| What is needed |
Repeat only the lines from the one that contains "Geometric Font Design vector template" through the final line of the listing below, exactly, please, without pictures.

╭─ Provided data

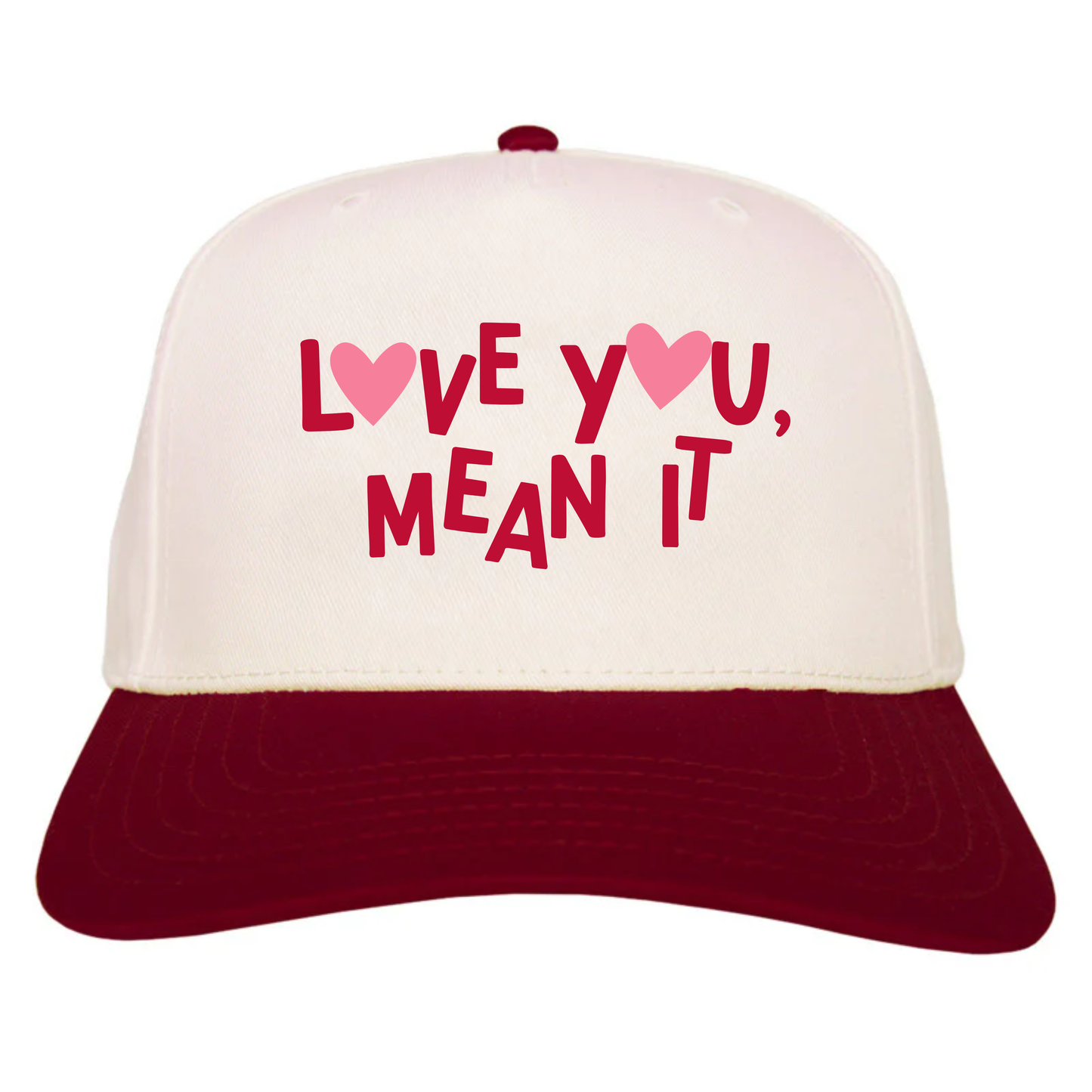 LOVE YOU, MEAN IT Vintage Two-Tone Embroidered Hat—Maroon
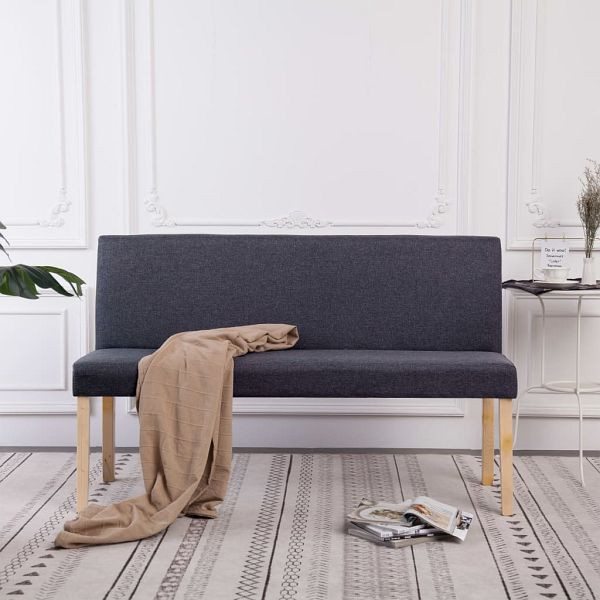 vidaXL Sitzbank 139,5 cm Dunkelgrau Polyester, 281334, 8719883569383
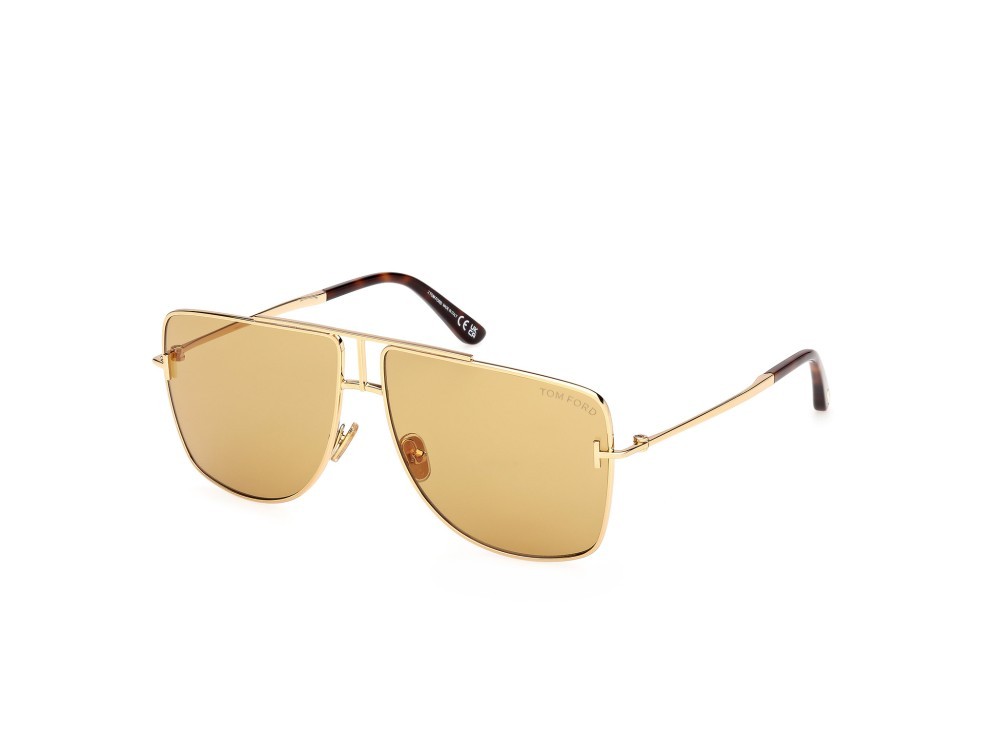 Occhiali da sole Tom Ford Eliott-02 FT1307 (30E) colore oro endura lucido forma navigator lenti marrone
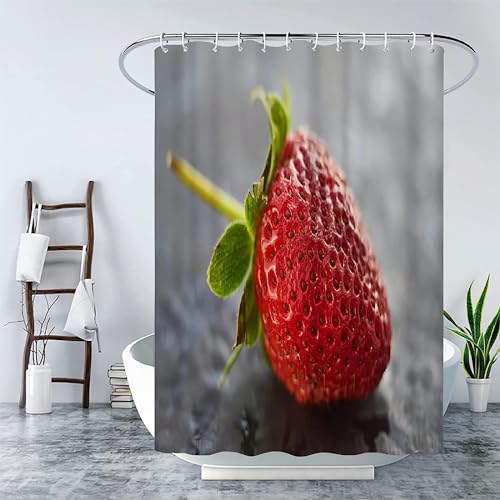 Duschvorhang 180x180 Anti-Schimmel Erdbeeren Duschvorhänge Wasserdicht Waschbar Polyester Textil Badevorhang Obst 3D Shower Curtain A/7040 von Generic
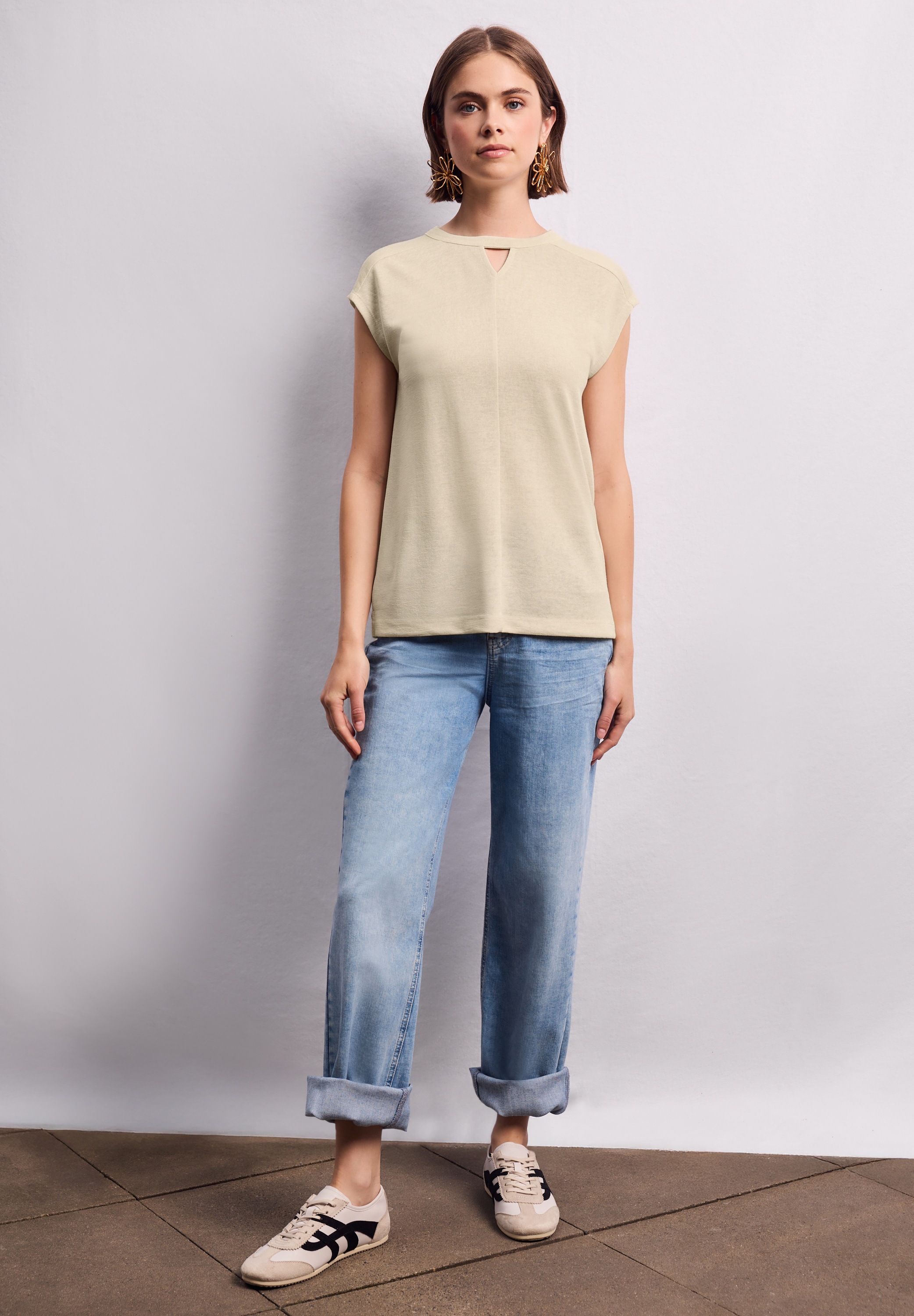 STREET ONE STUDIO T-Shirt, aus elastischem Materialmix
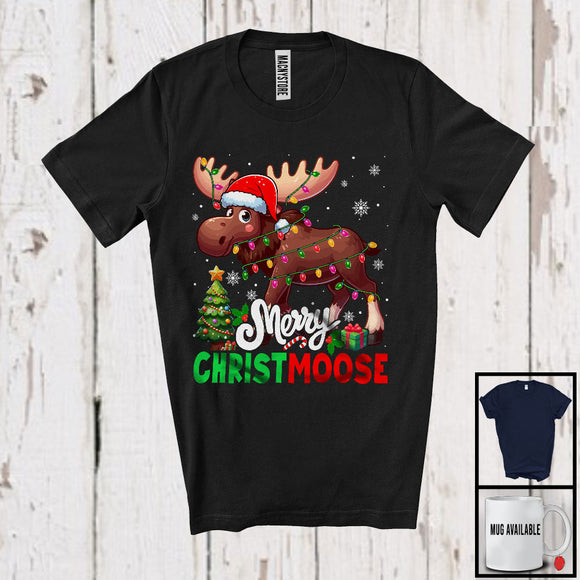 MacnyStore - Merry Christmoose; Adorable Christmas Lights Moose Santa Reindeer; Matching Family Group T-Shirt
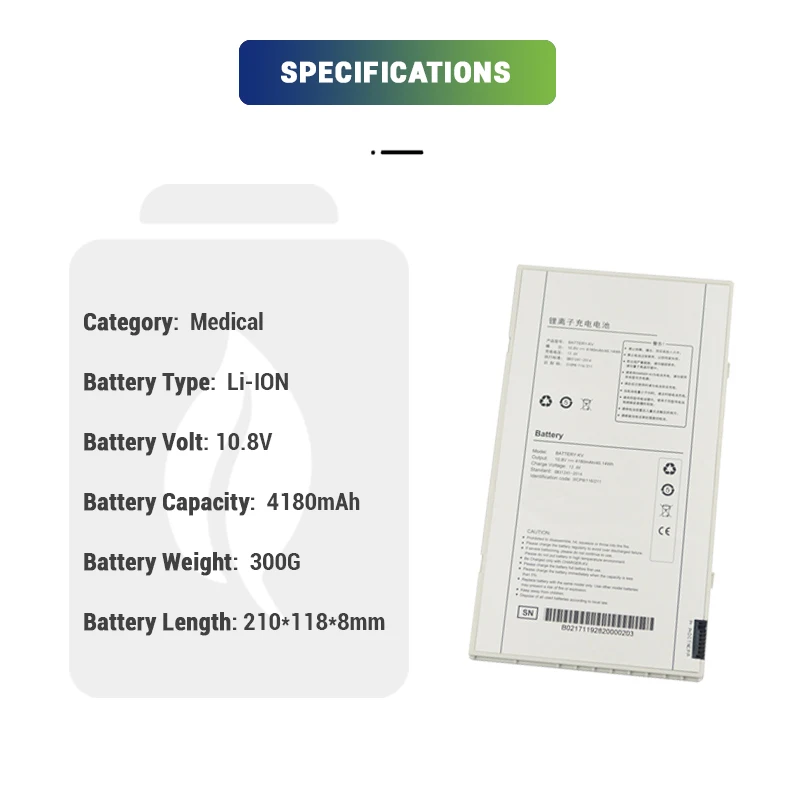 Li-ion 10.8V 4180mAh Replacement BATTERY-KV Lithium Medical Battery for Mars1417V-TSI/ Mars1717V-TSI Flat Panel Detector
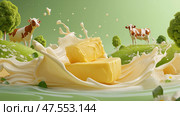 Delicious butter splashing in milk with cows grazing in serene landscape. В центре - масло, плещущееся в сливочном молоке, и коровы, мирно пасущиеся на ярком зеленом холме. Сцена запечатлела свежий и идиллический момент сельской жизни. Стоковое AI-изображение, AI-художник Katsiaryna Repich / Фотобанк Лори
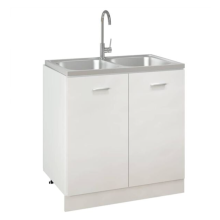 vidaXL Kitchen Sink with Double Basins Silver 800x500x155 mm Stainless Steel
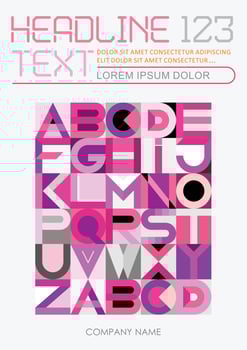 Geometric Font Design vector template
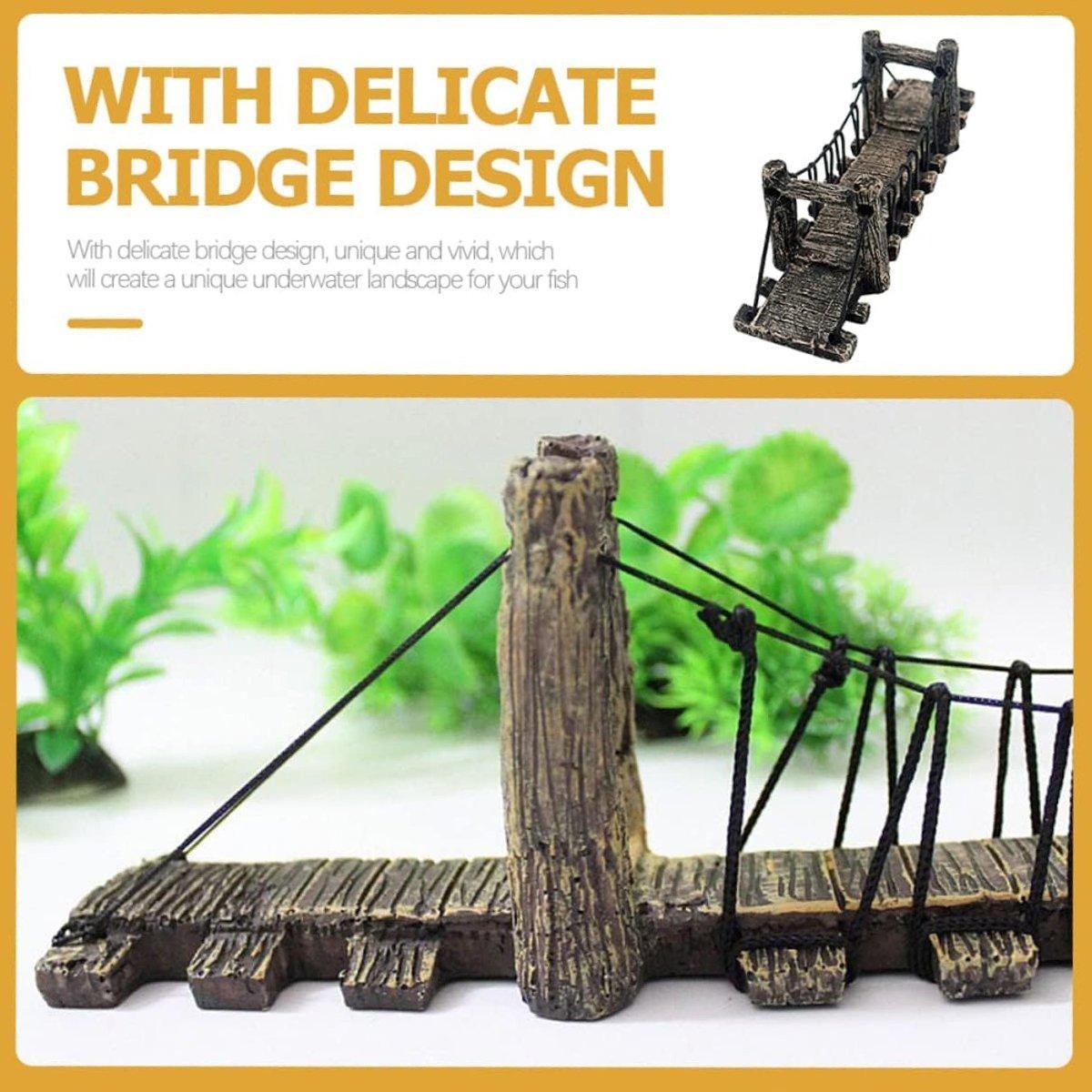 Resin Bridge Aquarium Decoration Fish Tank Accessories Shrimp Tortoise Climbing - Suspension Bridge-M 4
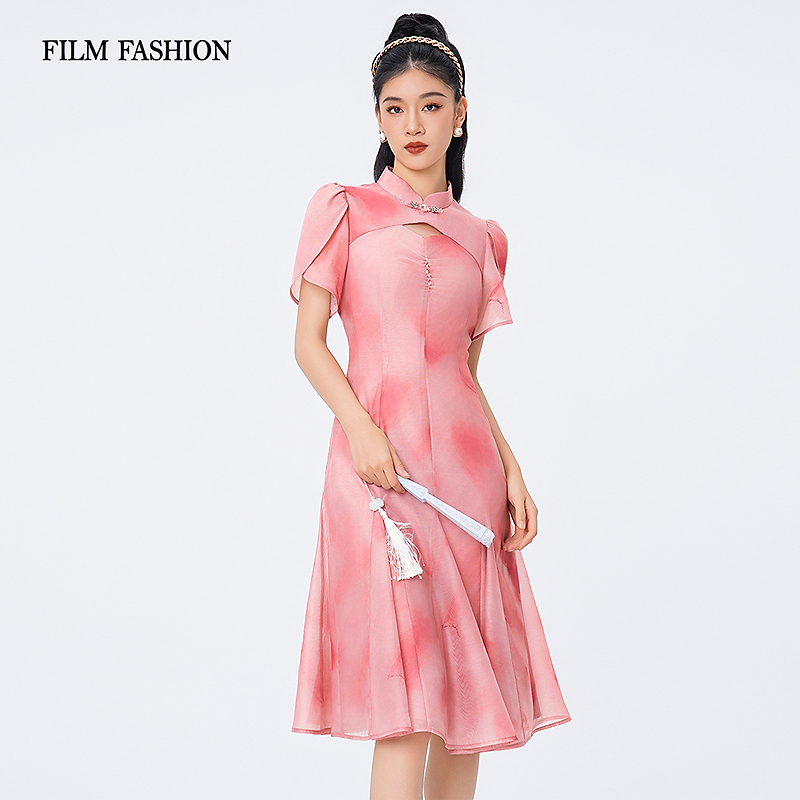 【林一专属】一电影一时装新款新中式印花旗袍连衣裙FFBX126341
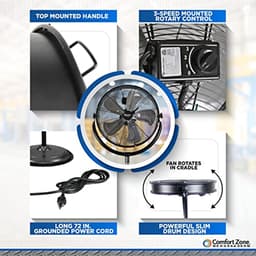 Industriële Ventilator met 3 Snelheden en Verstelbare Helling - 50,8 cm — thumbnail 2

╰─

| Exercise output |
 Geometric Font Design vector template
 Resin Bridge Aquarium Decoration Fish Tank Accessories Shrimp Tortoise Climbing - Suspension Bridge-M 4
 【林一专属】一电影一时装新款新中式印花旗袍连衣裙FFBX126341
 Industriële Ventilator met 3 Snelheden en Verstelbare Helling - 50,8 cm — thumbnail 2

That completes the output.